In order to identify the species involved, Braddon would have to test the lines developed from the suspect meat against those from the meat of every other freshwater and saltwater turtle in the world. Luckily the investigators had a pretty good idea of what kind of meat they were dealing with: 190,000 pounds seemed to implicate the most prolific turtle butcherer in the world, Antonio Suárez.
Peter Pritchard provided one of the samples of Ridley meat used by Braddon. The thin blue lines from Pritchard’s sample matched exactly those from the meat in the suspect tins.
So it was Ridley meat. The fact that only one man in the world would have that much Olive Ridley meat to sell doesn’t cut much ice legally. There was still a blizzard of paper and a forest of middlemen between Antonio Suárez and all that illegal meat.
It was a very difficult case, but José Toro had a plan.
I knew nothing about the investigation of Antonio Suárez in the late summer of 1979. The story had pretty much died down as far as I knew; so I was surprised to get a strange and urgent call about Suárez a year and half after the publication of the story.
The man on the phone sounded like a guy who knew his Raymond Chandler and who subscribed to Soldier of Fortune magazine; the kind of guy who might weigh three hundred pounds, smoke cigars, and talk out of the side of his mouth.

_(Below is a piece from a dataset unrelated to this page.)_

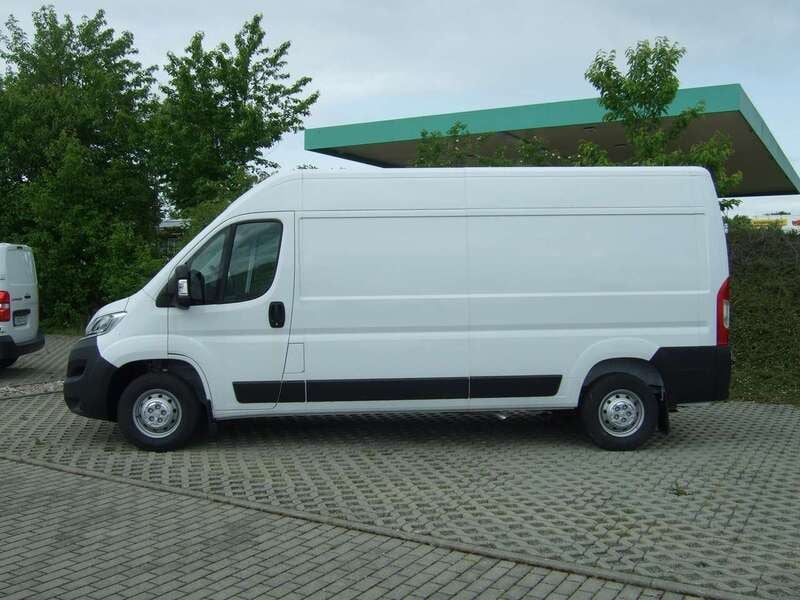 Weiß Gebraucht 2024 Citroën Jumper Van / Kleinbus | 29.950 € (Guter Preis) - Bild 1/4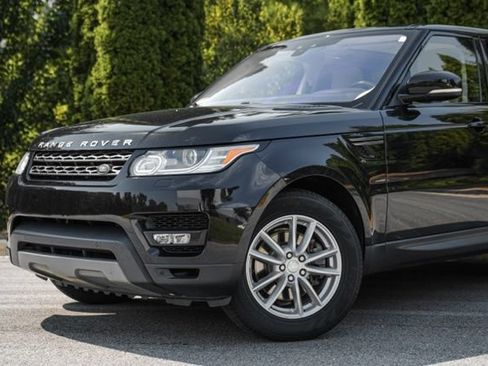 Used 2017 Land Rover Range Rover Sport SE AWD/4WD image 3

He was calling from Los Angeles, or so he said, and he claimed to represent a group of wealthy southern California conservationists with the money to “provide extraordinary solutions to extraordinary problems.”
“The slaughterhouse,” he said, “it’s located on a pretty remote stretch of beach, isn’t it? You give us the layout, we could be in and out of there in twenty minutes. We’d be in Mexico in ten, twelve hours, tops.”
“You’re not … are you suggesting some sort of, uh, paramilitary operation?”
“I’m suggesting that we talk to these bastards in the only language they understand.”
“Well, you know, I’m not really sure that, uh”—this lunatic was talking about bombing Mexico!—“we’d be able to, uh, do much good, uh, that way!”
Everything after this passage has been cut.